- [Data provided]:
---
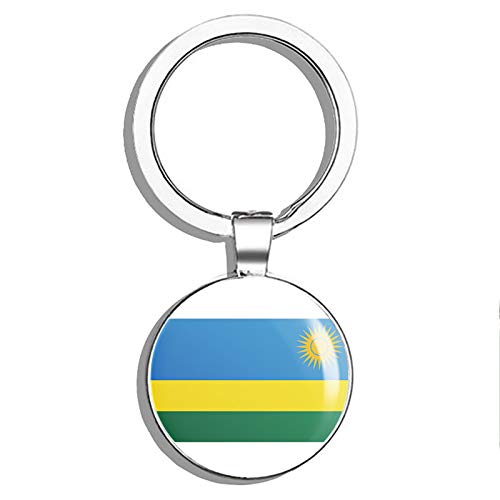 Rwanda Double Sided Flag Stainless Steel Keychain - Durable Key Ring Holder with Carabiner Clip for Keys, Backpacks & Travel Accessories | Perfect for Travelers, Gift Giving & Key Organization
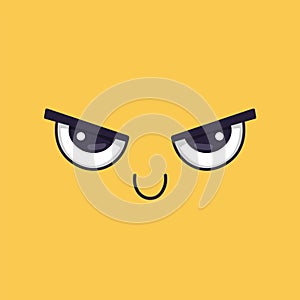 Cartoon face expressing skepticism with squinting eyes and a subtle smile, creating a playful representation of doubt photo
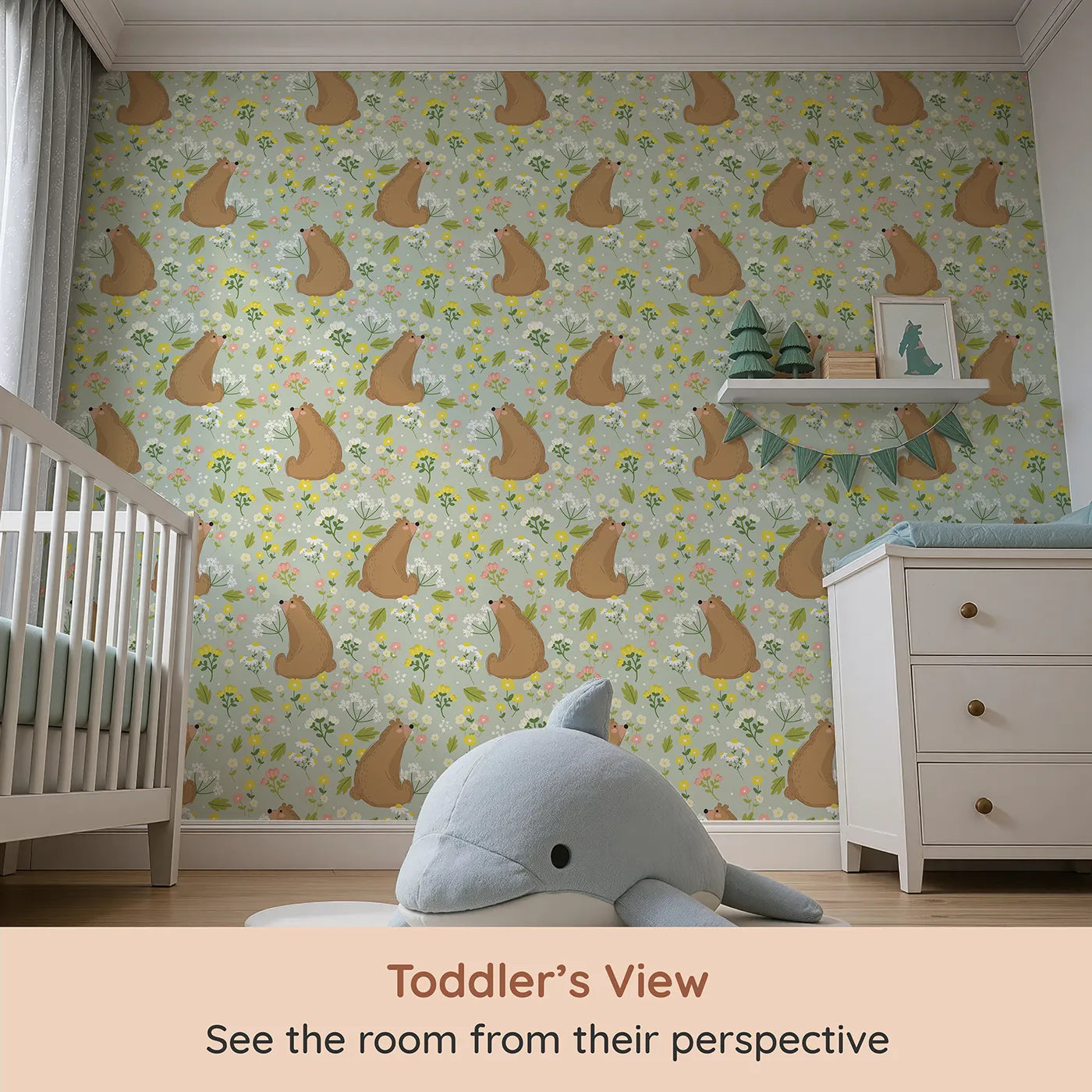 Whimsy Tots Blossom Bear Meadow Wallpaper in Soft Sage Green (W3062C) from your child's view.Woodland bears and meadow blooms rest upon a gentle sage green field.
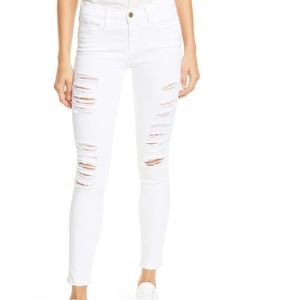 FRAME White Skinny Distressed Jeans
---
From the first line to the last, transcribe the listing exactly; skip the pictures.

 Rwanda Double Sided Flag Stainless Steel Keychain - Durable Key Ring Holder with Carabiner Clip for Keys, Backpacks & Travel Accessories | Perfect for Travelers, Gift Giving & Key Organization
 Cartoon face expressing skepticism with squinting eyes and a subtle smile, creating a playful representation of doubt photo
 Whimsy Tots Blossom Bear Meadow Wallpaper in Soft Sage Green (W3062C) from your child's view.Woodland bears and meadow blooms rest upon a gentle sage green field.
 FRAME White Skinny Distressed Jeans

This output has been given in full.